/---
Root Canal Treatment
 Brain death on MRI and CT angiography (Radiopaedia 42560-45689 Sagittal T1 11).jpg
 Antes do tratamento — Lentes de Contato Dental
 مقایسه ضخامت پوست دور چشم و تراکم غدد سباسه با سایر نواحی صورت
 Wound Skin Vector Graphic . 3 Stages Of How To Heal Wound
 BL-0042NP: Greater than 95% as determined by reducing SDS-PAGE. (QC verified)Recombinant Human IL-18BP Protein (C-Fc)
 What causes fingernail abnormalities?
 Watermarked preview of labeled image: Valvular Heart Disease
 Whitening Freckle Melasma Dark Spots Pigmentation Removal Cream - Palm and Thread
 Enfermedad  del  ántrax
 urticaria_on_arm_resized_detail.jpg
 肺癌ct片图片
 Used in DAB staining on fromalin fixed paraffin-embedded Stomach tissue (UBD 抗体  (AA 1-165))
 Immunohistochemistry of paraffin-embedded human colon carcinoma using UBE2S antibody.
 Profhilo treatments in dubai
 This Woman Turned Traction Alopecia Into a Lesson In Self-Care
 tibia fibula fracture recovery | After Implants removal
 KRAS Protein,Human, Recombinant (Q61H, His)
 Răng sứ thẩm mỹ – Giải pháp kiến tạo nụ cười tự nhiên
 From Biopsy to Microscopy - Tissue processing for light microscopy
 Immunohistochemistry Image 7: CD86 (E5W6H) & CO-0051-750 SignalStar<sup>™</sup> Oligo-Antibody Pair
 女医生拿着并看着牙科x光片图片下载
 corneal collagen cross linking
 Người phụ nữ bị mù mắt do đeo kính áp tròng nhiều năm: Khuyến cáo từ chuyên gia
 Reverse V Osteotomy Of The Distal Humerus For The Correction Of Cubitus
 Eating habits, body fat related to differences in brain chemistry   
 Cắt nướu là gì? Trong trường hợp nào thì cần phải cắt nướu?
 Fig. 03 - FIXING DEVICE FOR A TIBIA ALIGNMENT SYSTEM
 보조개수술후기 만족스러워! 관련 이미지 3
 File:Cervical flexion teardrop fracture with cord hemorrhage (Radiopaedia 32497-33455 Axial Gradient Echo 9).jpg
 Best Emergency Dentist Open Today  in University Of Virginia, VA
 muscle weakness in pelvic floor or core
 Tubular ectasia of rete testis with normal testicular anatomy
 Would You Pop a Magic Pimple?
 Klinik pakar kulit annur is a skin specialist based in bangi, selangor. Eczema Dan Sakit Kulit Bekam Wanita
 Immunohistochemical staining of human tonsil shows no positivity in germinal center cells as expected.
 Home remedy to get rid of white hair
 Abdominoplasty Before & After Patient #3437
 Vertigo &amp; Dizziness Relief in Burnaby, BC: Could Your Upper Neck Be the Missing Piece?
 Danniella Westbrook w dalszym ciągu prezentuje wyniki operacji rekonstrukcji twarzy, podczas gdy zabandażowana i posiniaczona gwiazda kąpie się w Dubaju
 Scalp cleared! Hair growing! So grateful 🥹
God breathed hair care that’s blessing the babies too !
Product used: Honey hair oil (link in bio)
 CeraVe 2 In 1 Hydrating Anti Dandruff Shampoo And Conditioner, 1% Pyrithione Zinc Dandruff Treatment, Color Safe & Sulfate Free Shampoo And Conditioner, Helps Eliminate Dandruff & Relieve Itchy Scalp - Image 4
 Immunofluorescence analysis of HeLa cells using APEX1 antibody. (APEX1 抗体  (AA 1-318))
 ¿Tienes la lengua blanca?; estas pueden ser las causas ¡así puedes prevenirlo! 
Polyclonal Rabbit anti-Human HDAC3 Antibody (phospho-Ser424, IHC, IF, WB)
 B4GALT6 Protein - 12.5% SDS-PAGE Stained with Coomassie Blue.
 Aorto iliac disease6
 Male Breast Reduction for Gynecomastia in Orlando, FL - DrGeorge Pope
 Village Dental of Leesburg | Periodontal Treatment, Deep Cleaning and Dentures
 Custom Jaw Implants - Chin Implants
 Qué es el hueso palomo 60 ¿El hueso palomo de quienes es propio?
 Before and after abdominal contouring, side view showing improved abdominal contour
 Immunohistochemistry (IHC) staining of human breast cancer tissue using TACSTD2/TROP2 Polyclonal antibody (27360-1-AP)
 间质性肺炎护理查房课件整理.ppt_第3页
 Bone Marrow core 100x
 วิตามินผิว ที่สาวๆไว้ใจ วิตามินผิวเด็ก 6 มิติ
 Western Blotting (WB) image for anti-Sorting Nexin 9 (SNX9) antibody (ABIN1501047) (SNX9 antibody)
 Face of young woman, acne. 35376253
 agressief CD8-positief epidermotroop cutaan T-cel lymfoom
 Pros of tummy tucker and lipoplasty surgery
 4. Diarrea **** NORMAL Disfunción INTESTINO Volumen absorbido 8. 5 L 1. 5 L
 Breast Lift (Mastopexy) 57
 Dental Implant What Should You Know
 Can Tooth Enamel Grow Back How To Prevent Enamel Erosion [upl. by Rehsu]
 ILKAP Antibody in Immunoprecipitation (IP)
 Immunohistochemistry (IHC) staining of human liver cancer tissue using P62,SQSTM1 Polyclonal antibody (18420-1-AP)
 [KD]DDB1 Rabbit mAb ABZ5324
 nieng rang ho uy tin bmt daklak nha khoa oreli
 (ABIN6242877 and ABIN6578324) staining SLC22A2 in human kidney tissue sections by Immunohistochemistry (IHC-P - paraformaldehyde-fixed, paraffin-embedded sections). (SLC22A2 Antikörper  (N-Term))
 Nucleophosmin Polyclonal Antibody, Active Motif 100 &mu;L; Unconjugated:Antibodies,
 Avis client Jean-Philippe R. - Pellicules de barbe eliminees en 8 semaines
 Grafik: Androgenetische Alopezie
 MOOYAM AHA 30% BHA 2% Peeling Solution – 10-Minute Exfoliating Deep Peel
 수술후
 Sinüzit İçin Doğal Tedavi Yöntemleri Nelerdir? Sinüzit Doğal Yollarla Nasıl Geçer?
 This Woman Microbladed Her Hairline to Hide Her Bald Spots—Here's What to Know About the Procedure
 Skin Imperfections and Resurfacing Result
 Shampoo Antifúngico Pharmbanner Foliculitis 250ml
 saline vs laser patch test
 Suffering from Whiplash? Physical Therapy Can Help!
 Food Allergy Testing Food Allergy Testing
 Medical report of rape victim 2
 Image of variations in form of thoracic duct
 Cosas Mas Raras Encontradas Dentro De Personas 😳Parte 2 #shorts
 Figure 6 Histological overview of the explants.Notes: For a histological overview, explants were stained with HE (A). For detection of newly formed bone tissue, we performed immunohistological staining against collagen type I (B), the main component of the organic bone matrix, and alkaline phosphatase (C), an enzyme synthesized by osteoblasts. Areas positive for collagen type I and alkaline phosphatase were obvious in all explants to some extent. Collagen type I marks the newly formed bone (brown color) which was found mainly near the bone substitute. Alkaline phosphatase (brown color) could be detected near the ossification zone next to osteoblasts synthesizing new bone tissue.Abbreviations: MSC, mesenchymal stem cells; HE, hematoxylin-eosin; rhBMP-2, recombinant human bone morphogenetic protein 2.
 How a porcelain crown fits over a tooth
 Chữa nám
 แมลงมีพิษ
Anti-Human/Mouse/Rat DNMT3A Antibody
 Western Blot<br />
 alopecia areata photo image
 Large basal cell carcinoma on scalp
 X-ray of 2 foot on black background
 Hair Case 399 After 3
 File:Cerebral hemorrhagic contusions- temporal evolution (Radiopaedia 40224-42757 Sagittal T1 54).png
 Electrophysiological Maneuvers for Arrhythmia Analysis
\---
→ **Try it**
Filter the data above down to lines with the word "fracture", and copy them.

→ **Task result**
 tibia fibula fracture recovery | After Implants removal
 File:Cervical flexion teardrop fracture with cord hemorrhage (Radiopaedia 32497-33455 Axial Gradient Echo 9).jpg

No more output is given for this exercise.